• _Brief_:
It would help if you retyped the data exactly, leaving out the pictures.

• _Data segment_:
-=-=-=-=-

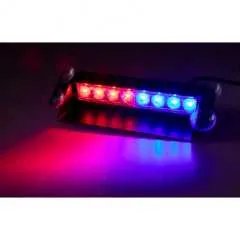 PREDATOR LED vnitřní, 8x3W, 12-24V, červeno-modrý, 240mm, CE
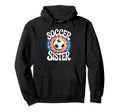 Soccer Sister Tie Dye Hoodie - Aesthetic Graphic Unisex - T-Shirt, Sweatshirt, Hoodie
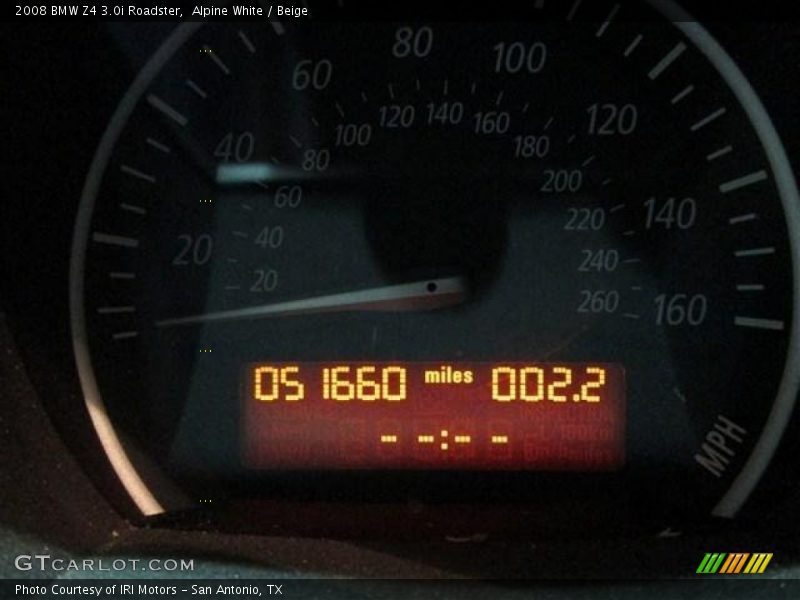 Alpine White / Beige 2008 BMW Z4 3.0i Roadster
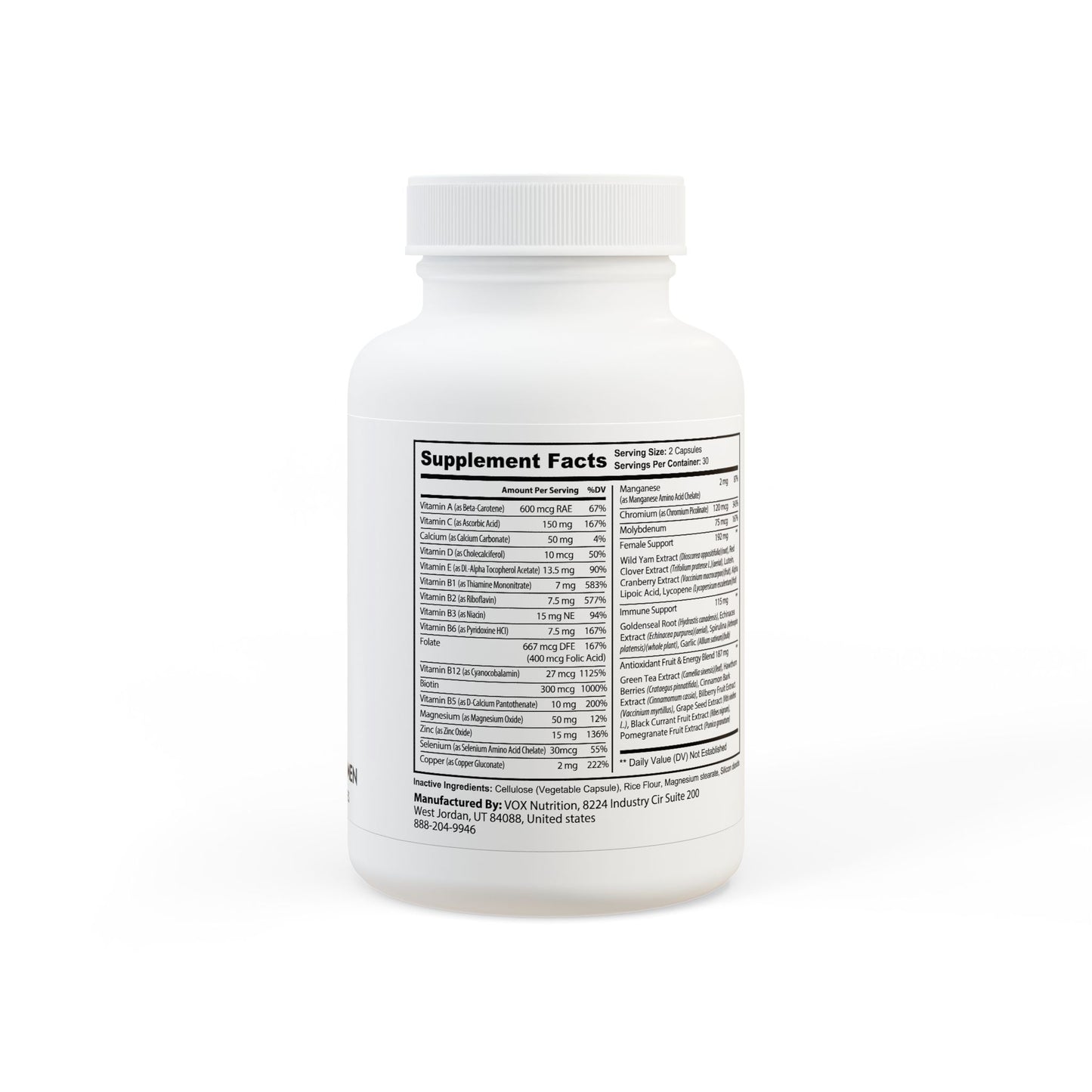 POTENTS Multivitamin for Women Supplement (60 Capsules)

-=-=-=-=-

• _Task solution_:
 PREDATOR LED vnitřní, 8x3W, 12-24V, červeno-modrý, 240mm, CE
 Soccer Sister Tie Dye Hoodie - Aesthetic Graphic Unisex - T-Shirt, Sweatshirt, Hoodie
 Alpine White / Beige 2008 BMW Z4 3.0i Roadster
 POTENTS Multivitamin for Women Supplement (60 Capsules)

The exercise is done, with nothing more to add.